=== Supplied material ===

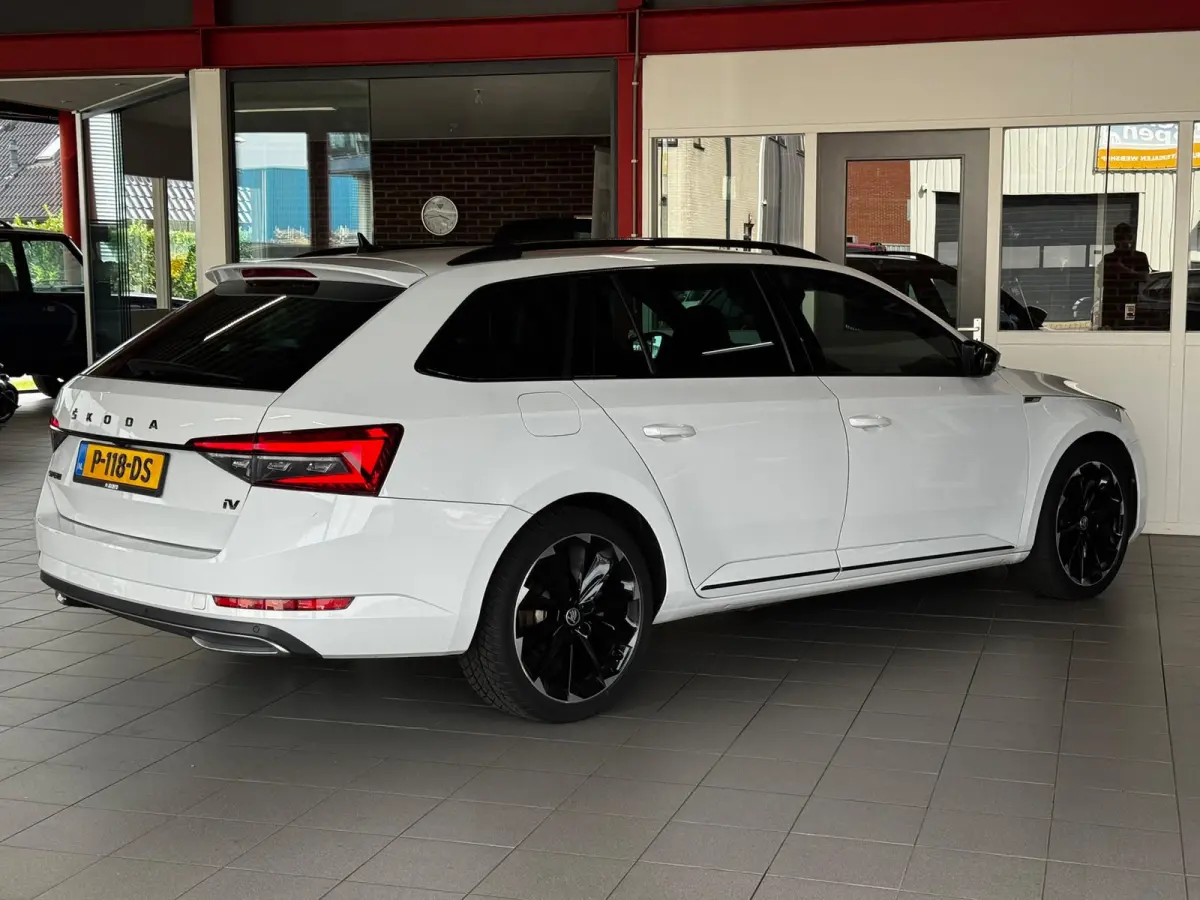 1.4 TSI iV Sportline Business*Camera*Stoel/stuurverwarming*LED*Cruise Control*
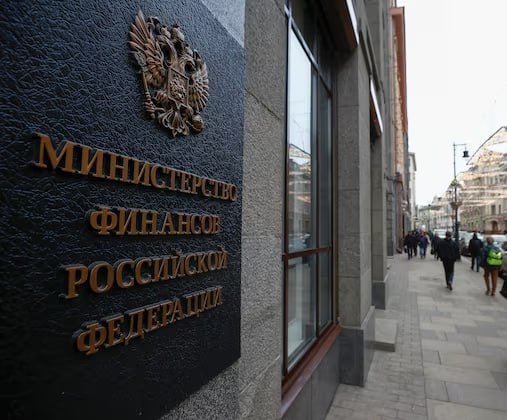 Россия рублни қўллаб-қувватлаш учун юань сотувини 17 фоизга оширишни режалаштирмоқда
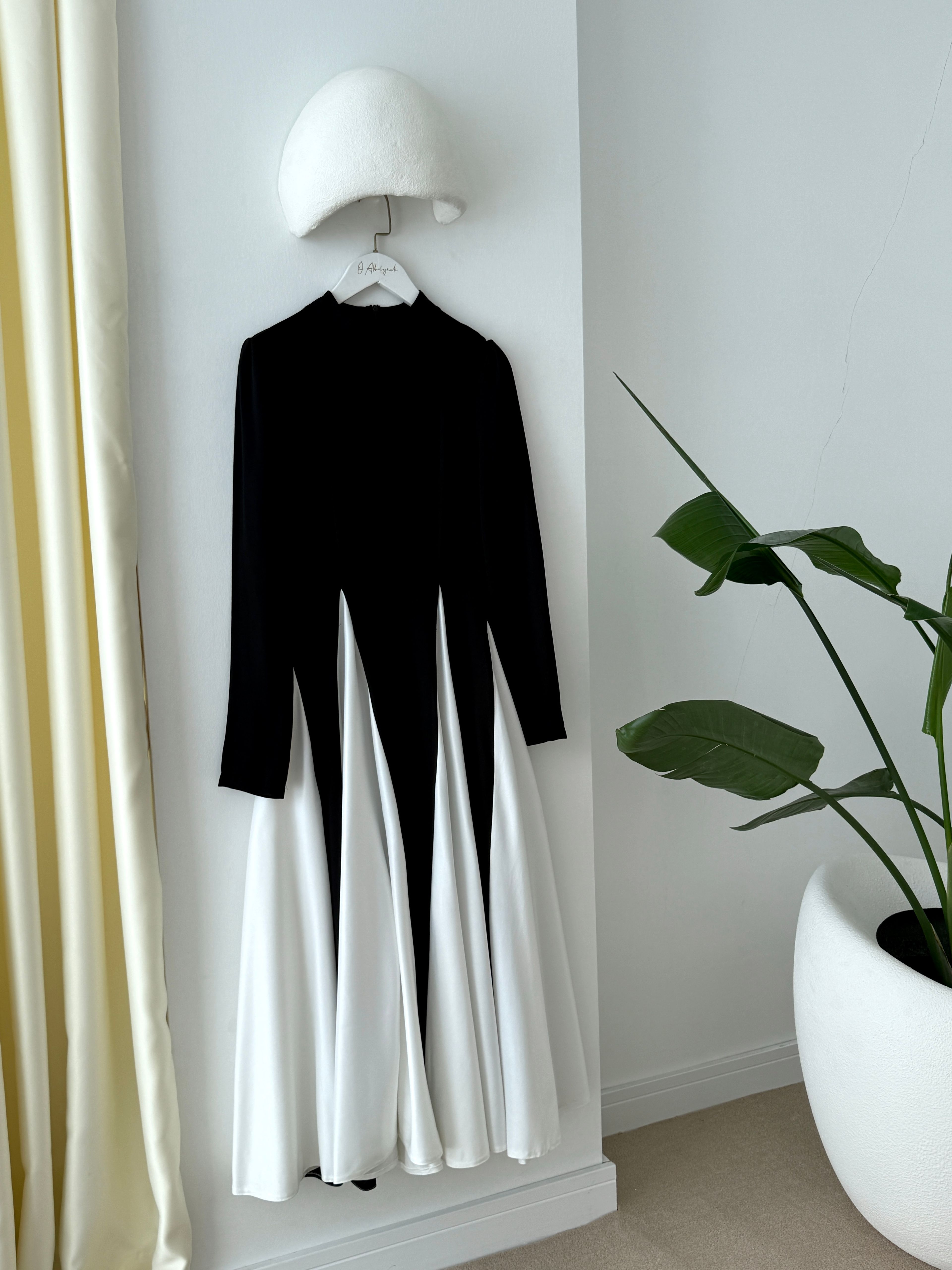 Elegance Dress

===

Task objective:
The lines from the one that contains "Россия рублни қўллаб-қувватлаш" through the end of the data, repeated exactly and with no pictures, make up the whole answer.

Expected answer:
 Россия рублни қўллаб-қувватлаш учун юань сотувини 17 фоизга оширишни режалаштирмоқда
 Elegance Dress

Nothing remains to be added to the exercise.